How much GPU memory is needed for Z-Image Turbo LoRA training?

About 20GB+ without quantization. With 8-bit quantization, 12GB GPUs can handle training. For Apple Silicon, 64GB+ unified memory allows training without quantization.

Is the Training Adapter required for Z-Image Turbo LoRA training?

Yes, when training directly on the Turbo model. Without it, the distillation breaks and quality degrades. Alternatively, you can use the De-Turbo model which doesn't need the adapter.

How long does training take?

On an RTX 4090, about 8-12 hours for 3,000 steps. On Apple Silicon (M4 Pro), each step takes roughly 25 seconds.

Z-Image Turbo LoRA Training Guide | Create Custom LoRAs with AI Toolkit

Once you understand the basics of LoRA, the next step is creating your own. This guide walks you through training a LoRA for Z-Image Turbo using Ostris AI Toolkit, from dataset preparation to inference testing.

What You’ll Learn

Required environment and setup for Z-Image Turbo LoRA training
AI Toolkit installation steps
Dataset preparation methods and best practices
Training parameter configuration and execution
Using trained LoRAs in ComfyUI
Measured timings on Apple Silicon (MPS)

Prerequisites

Understanding of LoRA basics
Basic ComfyUI operation skills
Basic terminal/command line familiarity

Key Concepts for Z-Image Turbo LoRA Training

Why Training Adapter Is Needed

Z-Image Turbo is a distilled model. While standard models require 20-50 steps to generate an image, Z-Image Turbo is optimized to generate in just 8 steps.

This distillation is efficient, but it creates a problem for LoRA training. Training a LoRA directly on a distilled model breaks the fast generation capability acquired through distillation. This is called “Turbo Drift.”
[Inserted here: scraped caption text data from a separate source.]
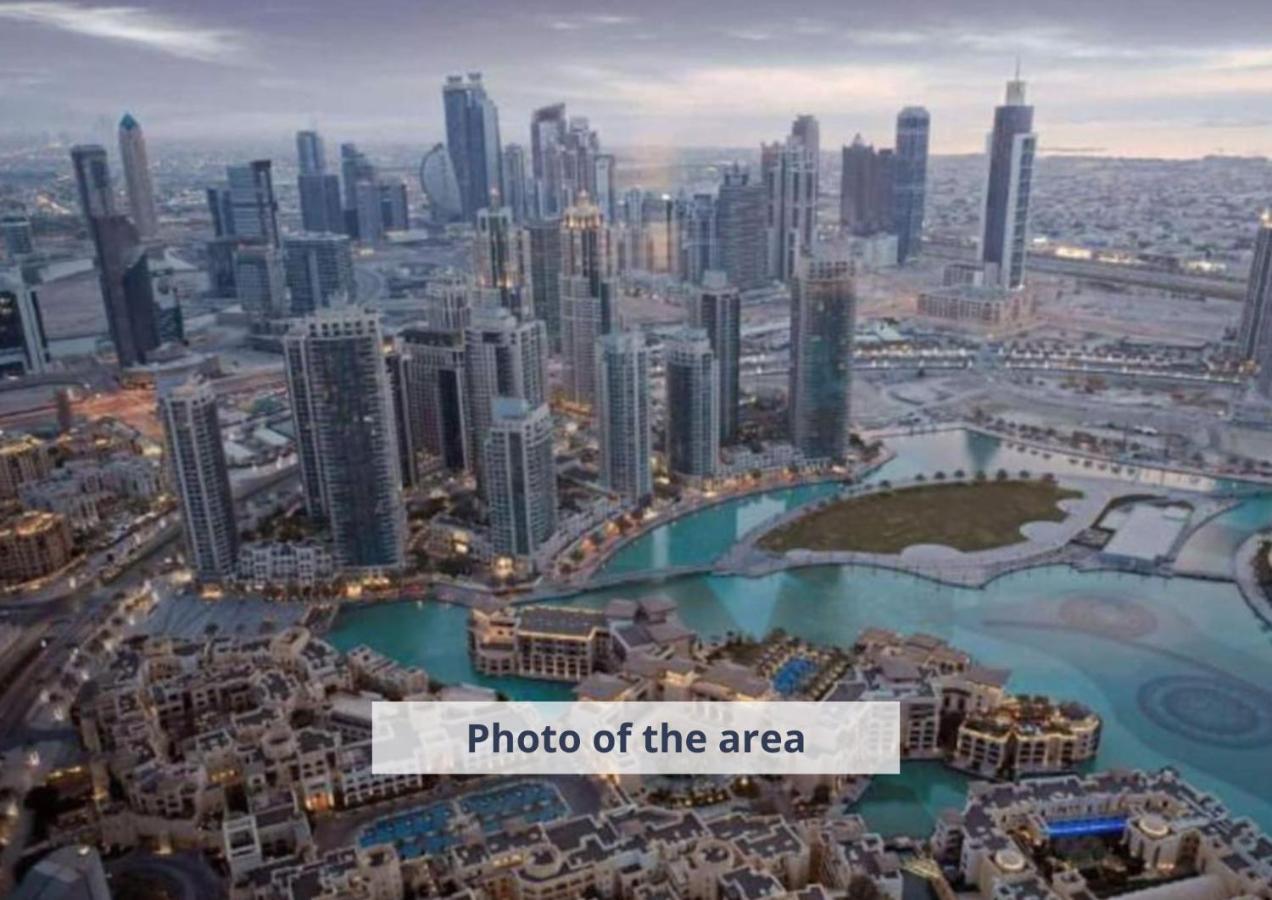 Lofts - Downtown Luxury - 5 Min Walk To Dubai Fountain! Apartment Ngoại thất bức ảnh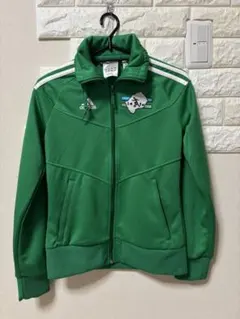 adidas パナシナイコス ジャージ 緑 size：M - メルカリ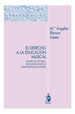 EL DERECHO A LA EDUCACIÓN MUSICAL. Planes de estudio, ideología política y propuestas de futuro.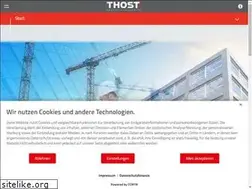 Sites similar to thost-ccm.de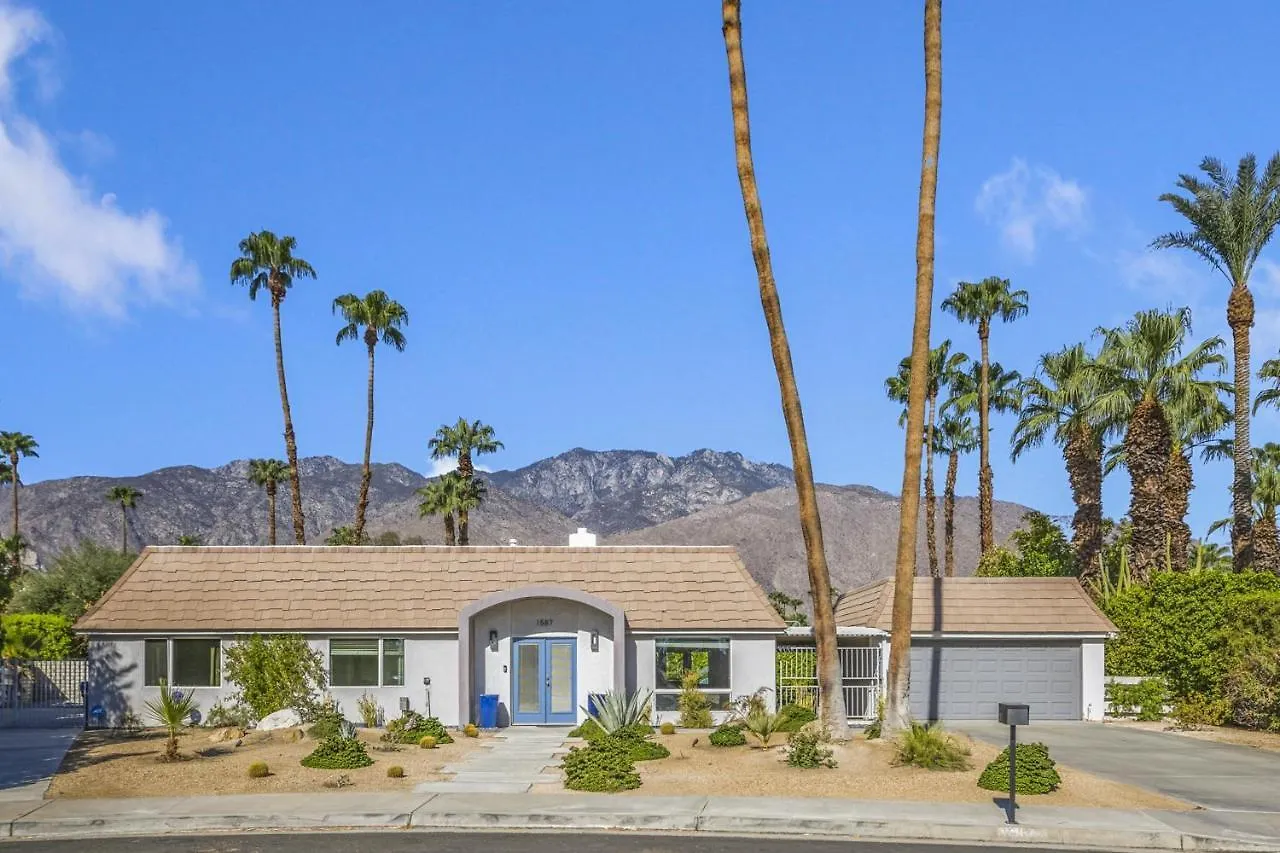 California Life Permit# 1443 Villa Palm Springs 0*,  United States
The Training Adapter solves this by temporarily reversing the distillation effect during training. At inference time, you remove the adapter and use only the LoRA.

Training Approaches

Method	Inference Speed	Difficulty	Notes
Turbo + Training Adapter v2	8 steps (fastest)	Low	Recommended for beginners. Most popular
De-Turbo model training	20-30 steps	Medium	No adapter needed. Better for extended fine-tuning
Base model training	High quality but slower	High	Best likeness according to community reports

This guide uses the most common Turbo + Training Adapter v2 approach.

Environment Setup

Requirements

Item	Minimum	Recommended
GPU (NVIDIA)	12GB VRAM	24GB VRAM
GPU (Apple Silicon)	32GB unified memory	64GB unified memory
Python	3.10+	3.10-3.11
PyTorch	2.0+	2.8+ (MPS support)
Disk	50GB	100GB+

Required Models

Model	Size	Purpose
Z-Image Turbo BF16	~12GB	Base model
Training Adapter v2	~324MB	De-distillation adapter
Qwen 3 4B	included	Text encoder
VAE (ae.safetensors)	included	Image encode/decode

AI Toolkit Setup

AI Toolkit Installation

git clone https://github.com/ostris/ai-toolkit.git cd ai-toolkit git submodule update --init --recursive pip install -r requirements.txt

Download Training Adapter v2:

Training Adapter v2 Download

# Download from HuggingFace # ostris/zimage_turbo_training_adapter repository # zimage_turbo_training_adapter_v2.safetensors (324MB)

Setup Timings (Measured)

Step	Time
AI Toolkit clone	~10 sec
pip install	~20 sec (depends on dependencies)
Training Adapter v2 download	~5 sec (depends on connection)
Total	~35 sec

Dataset Preparation

Image Requirements

The quality of your LoRA depends entirely on your dataset.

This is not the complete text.